AKU memang sudah gila.

Berkali-kali mengatakan menyesal dengan keadaan yang tengah kujalani, tetapi sekarang aku malah membuka pintu persetujuan untuk semakin dipermainkan olehnya.

Mungkin ini menjadi keputusan terbodoh yang pernah kuambil. Bukannya pulang, aku justru memilih dibawa pergi jauh oleh pria berambut merah itu. Keluar dari kota tempatku menetap, menjauh dari hiruk pikuk manusia yang berjubal mengadu nasib di metropolitan, menuju tempat yang tidak pernah terpikirkan oleh imajinasi liarku.

Ini seperti daerah pemukiman yang sudah lama tidak dihuni. Banyaknya bangunan tua tidak lagi terawat terlewati, juga lahan-lahan kosong yang sudah ditumbuhi rumput-rumput liar amat tinggi.

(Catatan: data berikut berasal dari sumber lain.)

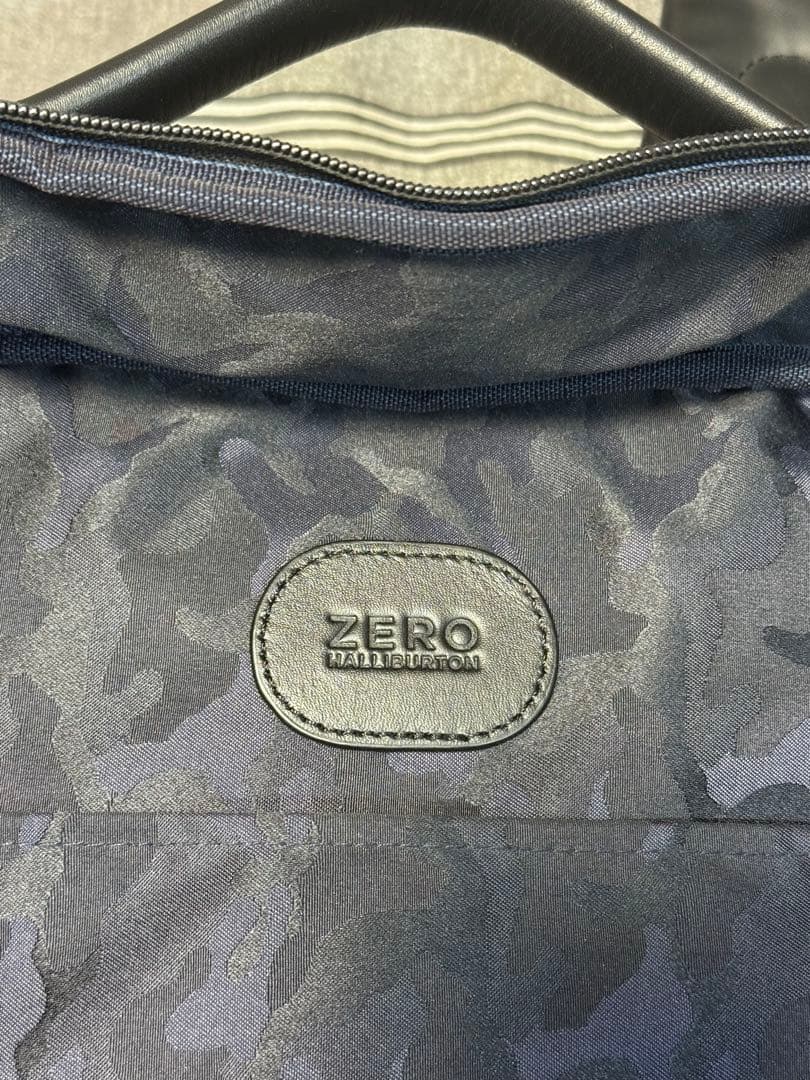 ゼロハリバートン Z-PACK type-C B4 15.6インチ 81212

Rasanya aku sudah terlambat untuk benar-benar menyesal.

Di sudut kota tak berpenghuni ini, di balik pintu besar hitam yang kini dibuka, aku seakan lupa untuk menarik napas. Melihat puluhan orang berpakaian serba hitam sudah berbaris dan serempak memberi bungkukan penuh hormat.

"Welcome, Master."

Perasaanku seketika bercampur, membuat perutku mual dan kaki-kakiku bagai terpaku. Tanganku sampai meremat kuat ujung jaketku sendiri sebagai pegangan menyaksikan pria berambut merah itu disambut layaknya orang paling disanjung di sini.

Sebenarnya apa yang aku pikirkan selama ini?

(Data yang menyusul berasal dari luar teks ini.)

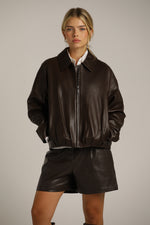 ג'קט בומבר עור עם קפלים | קנת קול 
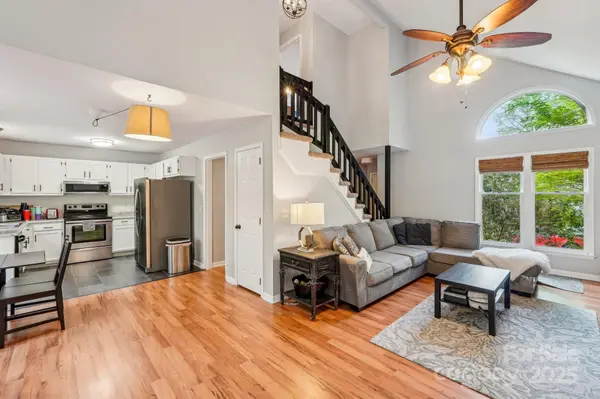 6005 Lanai LN Tega Cay, SC 29708
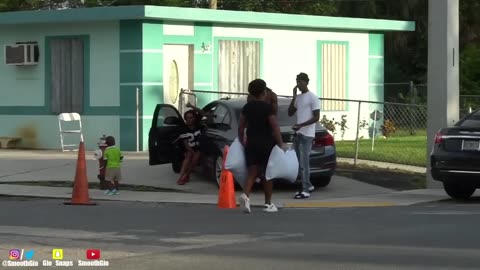 hoodlum pillow fight!!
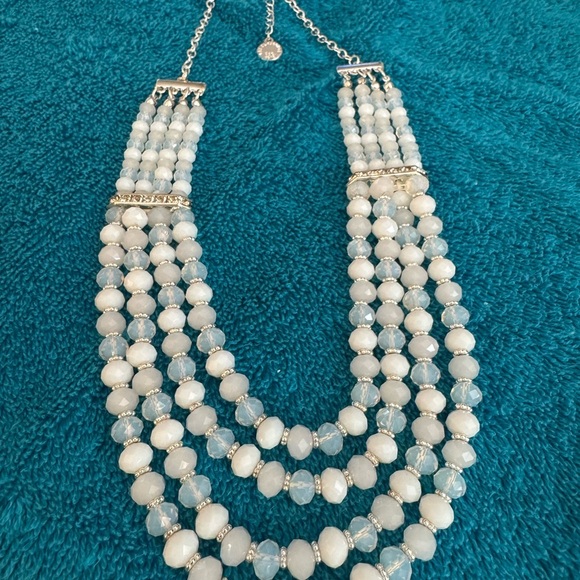 Elegant Beaded Necklace with Silver Accents - Picture 2 of 2
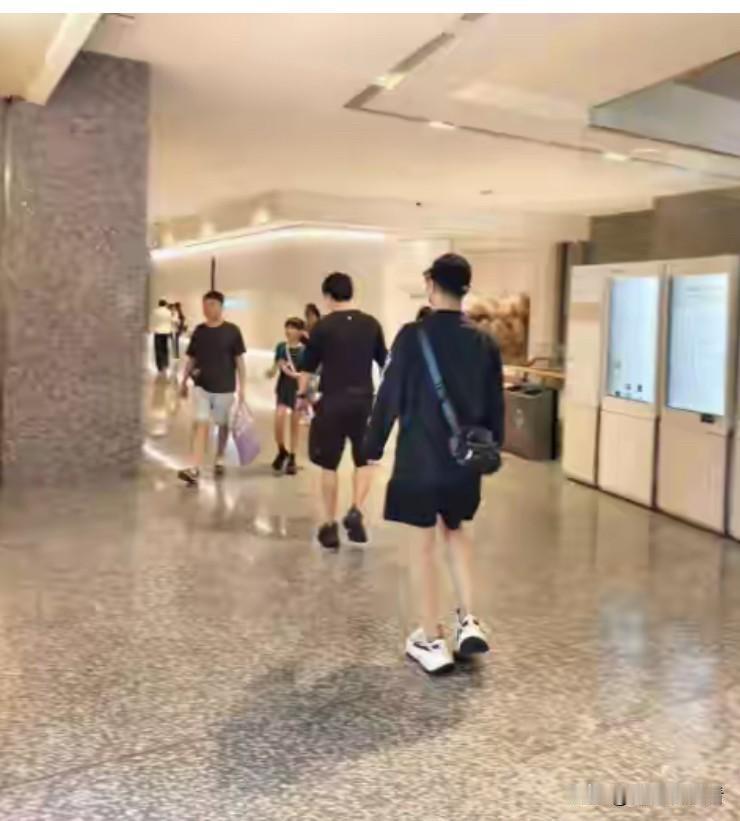 汪峰森林北在万象新天被偶遇，这次汪峰带着女朋友森林北来买包，两人依偎在一起，面对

Aku lupa kalau dia bahkan pernah menyebut jumlah untuk melakukan penyerangan kelompok yang mencari masalah dengannya. Jadi bukanlah tidak mungkin kalau dia memang memiliki anggota sebanyak ini.

"Cheon Sera."

Dia sudah kembali menghadapku. Menyadarkanku dari keterkejutan mencekat. Tatapan tajamnya yang begitu kelam seakan memeringatiku untuk tidak coba-coba lari kala tangannya terulur ke arahku.

"Come."

Aku seperti berdiri di ujung tanduk. Tidak ada pilihan selain meraih uluran tangannya jika tidak ingin jatuh ke dalam jurang di belakangku. Membiarkan dia menggenggam tanganku begitu erat lantas mengajakku masuk ke dunianya.

Kaki-kakiku bergetar dan harus bersikeras tetap berjalan di sisinya. Merasakan seluruh mata di ruangan ini seperti tengah meneliti presensiku meski dengan sorot datar.

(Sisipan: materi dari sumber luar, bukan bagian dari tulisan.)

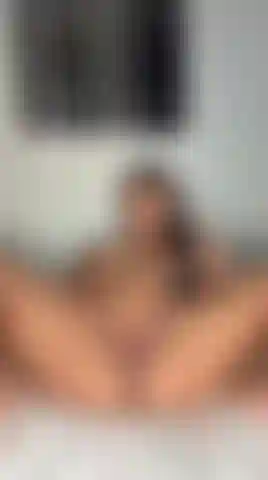 masturbating my delicious pussy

Di depan sana, sudah berdiri orang-orang yang selalu bersama pria ini. Dengan balutan jaket yang sama yaitu navy blue dengan logo semacam berlian merah di bagian dada kiri. Seperti menunjukkan bahwa mereka semacam anggota inti.

Dan aku bisa merasakan adanya penghakiman di tatapan mereka ditujukan padaku.

"Why you bring her?"

Begitu dingin menusuk. Membuatku tidak kuasa untuk melihat siapa yang sudah mengajukan pertanyaan itu.

"My right to bring her with me," jawabnya tak kalah dingin, juga tak terbantahkan. Lalu dia menggiringku untuk duduk di salah satu kursi sebelum melepas genggamannya.

Membuatku semakin dipandang penuh kecam oleh mereka. Karena baru kusadari bahwa dibandingkan kursi lain yang berjajar, hanya ini yang terlihat seperti kursi kebesaran.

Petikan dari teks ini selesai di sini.